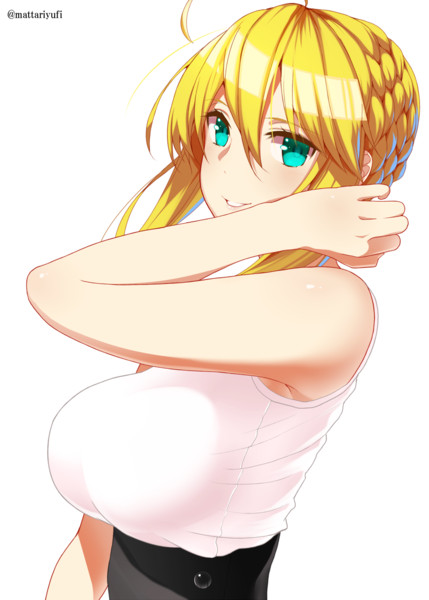 ノースリーブな槍トリアちゃん まったりユフィ さんのイラスト ニコニコ静画 イラスト
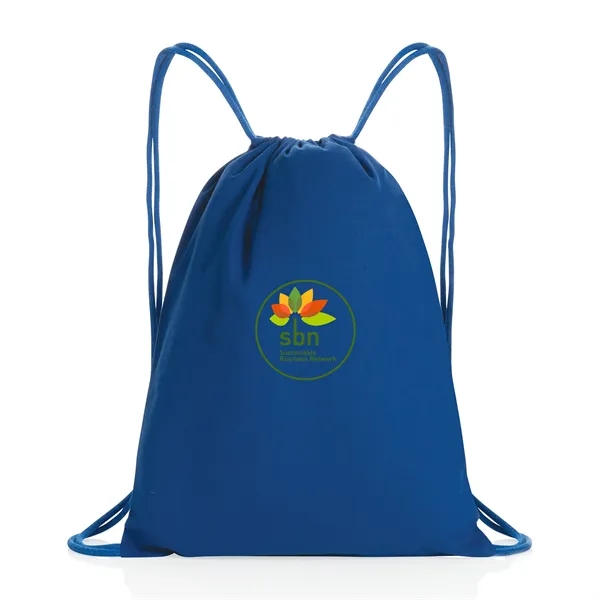 13.75"L x 17.3"H x 4"W recycled cotton drawstring backpack.... from ASI 56070 Gemline / Gemline®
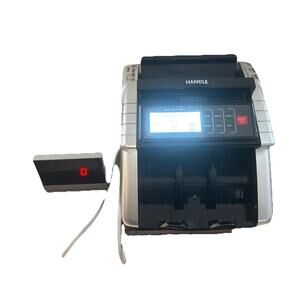 Aneken Money Counter Machine with Value Count, Dollar, Used Tested Works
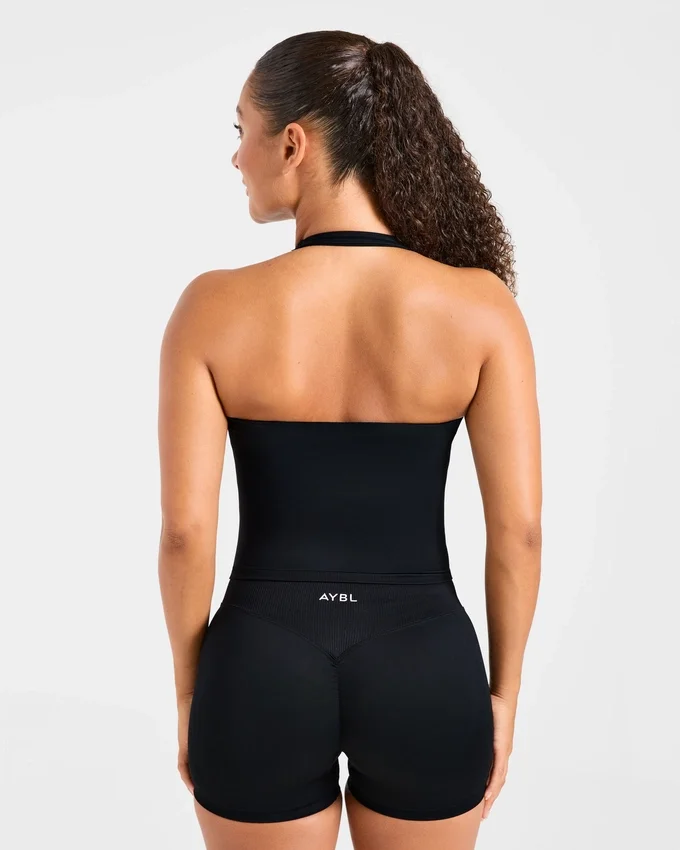 Enhance Seamless Halterneck Top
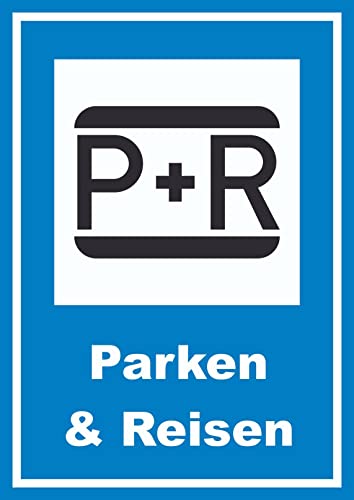 HB-Druck Parken und Reisen Schild A6 Rückseite selbstklebend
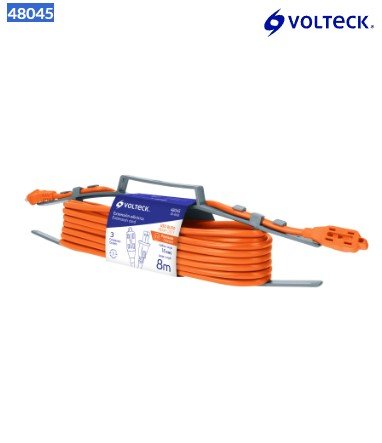 Extensión eléctrica de uso rudo 8 m 2x16 AWG, Volteck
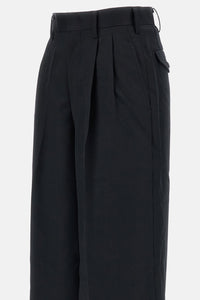 Junya Watanabe Women Pinstriped Wool Wide-Leg Trousers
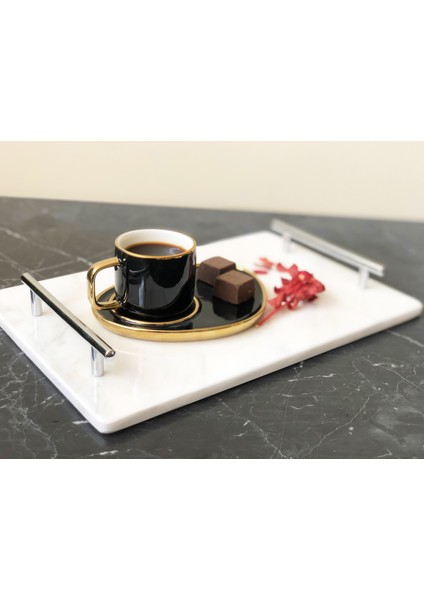 Doğal Mermer 20X30 Tepsi Gümüş Slim Kulp fırsatları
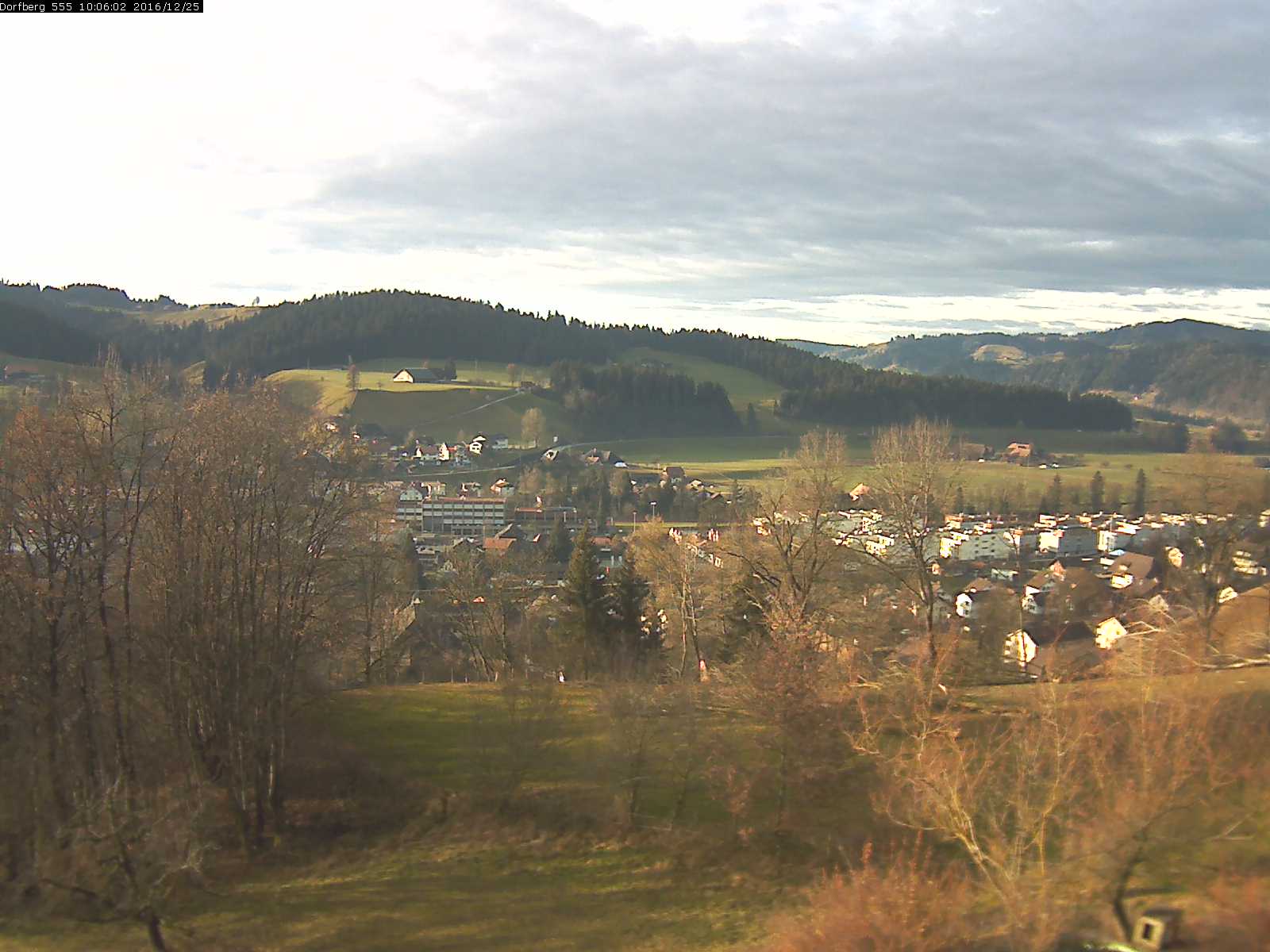 Webcam-Bild: Aussicht vom Dorfberg in Langnau 20161225-100601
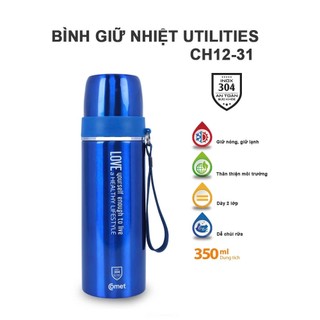 Bình giữ nhiệt COMET 350ml inox 304 cao cấp giữ nhiệt 6 - 8 tiếng - CH12-31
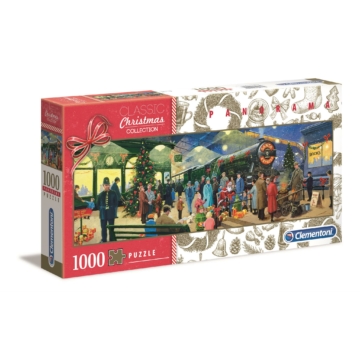 1000 db-os Panoráma puzzle - Karácsonyi vonat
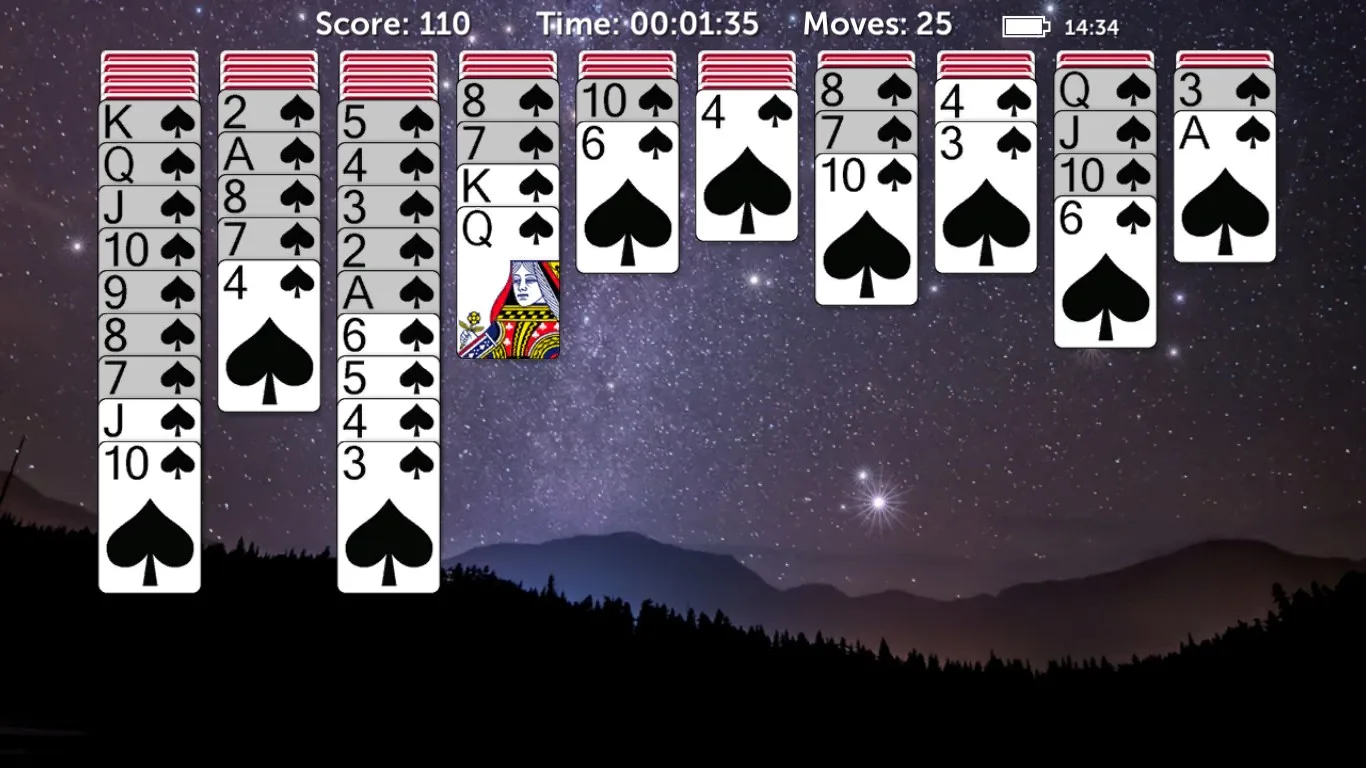 Spider Solitaire Classic 2022 screenshot 2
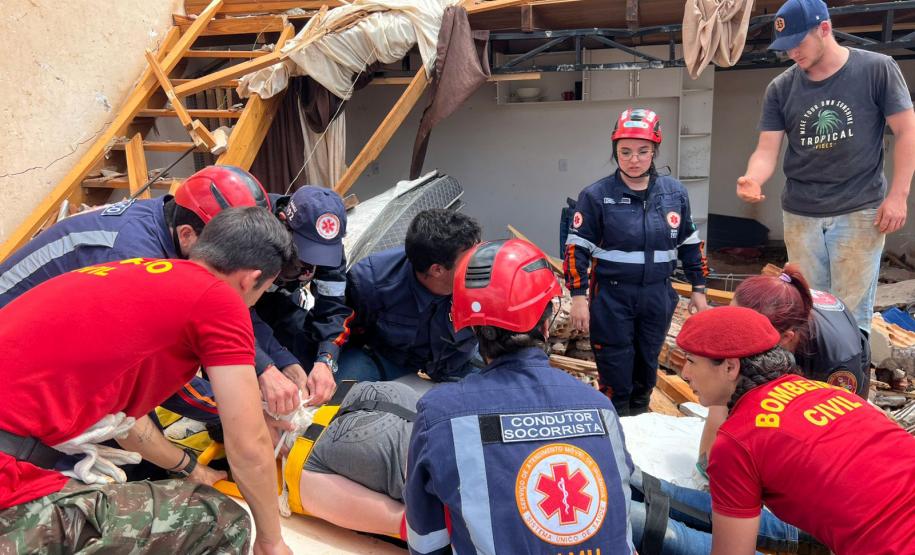 Atendimento integrado do Samu garante agilidade no socorro às vítimas do tornado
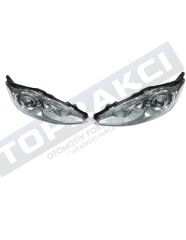 Ford Fiesta 2008-2012 Ön  far lamba Sağ+sol (Mercekli)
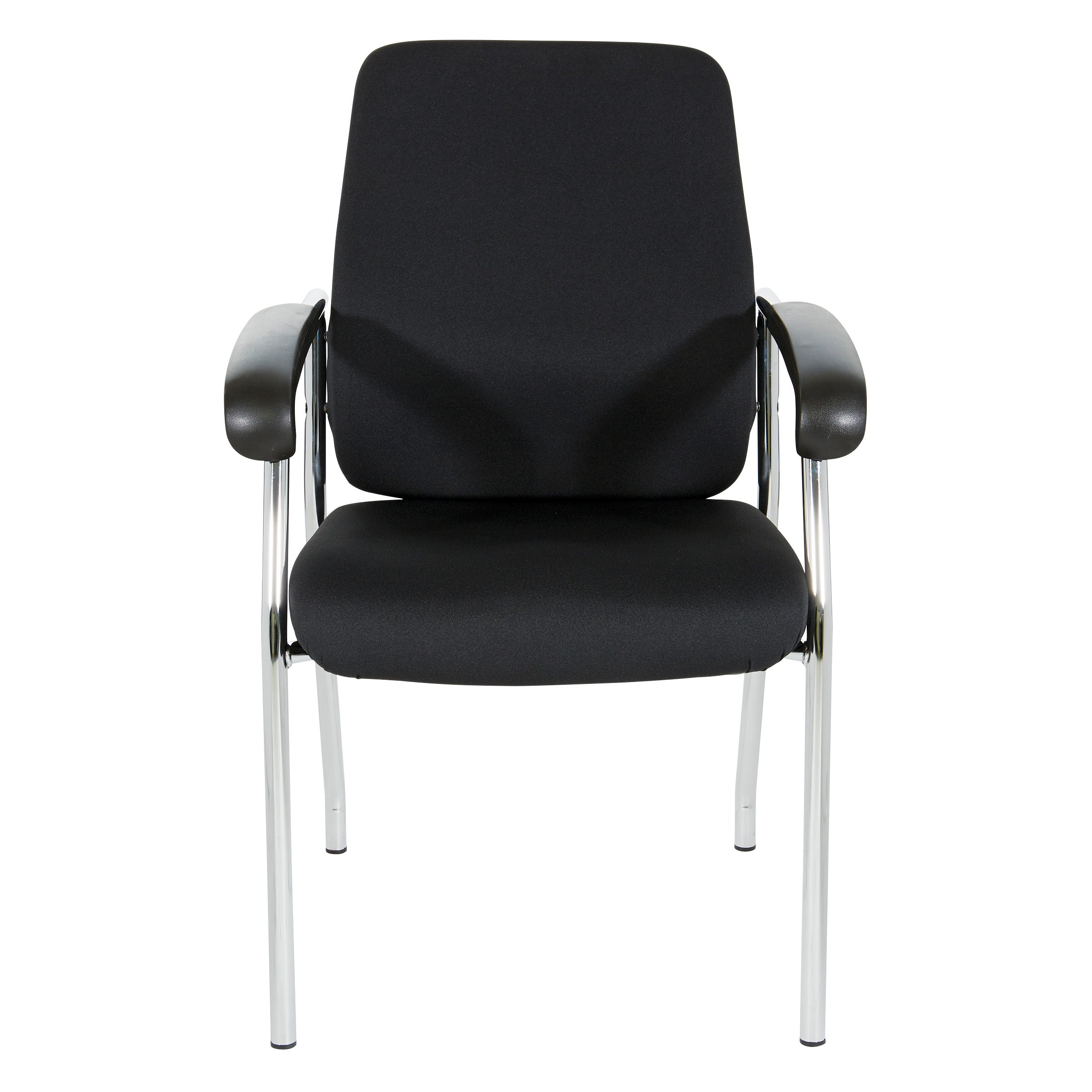Padded Visitor's Chair - Black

##########

**Task objective**
Find the line with "Doğal Mermer 20X30". Return it and each line after it through the end of the data, exactly, without pictures.

**Output below**
 Doğal Mermer 20X30 Tepsi Gümüş Slim Kulp fırsatları
 Webcam-Bild: Aussicht vom Dorfberg in Langnau 20161225-100601
 Bình giữ nhiệt COMET 350ml inox 304 cao cấp giữ nhiệt 6 - 8 tiếng - CH12-31
 1000 db-os Panoráma puzzle - Karácsonyi vonat
 Spider Solitaire Classic 2022 screenshot 2
 Atendimento integrado do Samu garante agilidade no socorro às vítimas do tornado
 Ford Fiesta 2008-2012 Ön  far lamba Sağ+sol (Mercekli)
Padded Visitor's Chair - Black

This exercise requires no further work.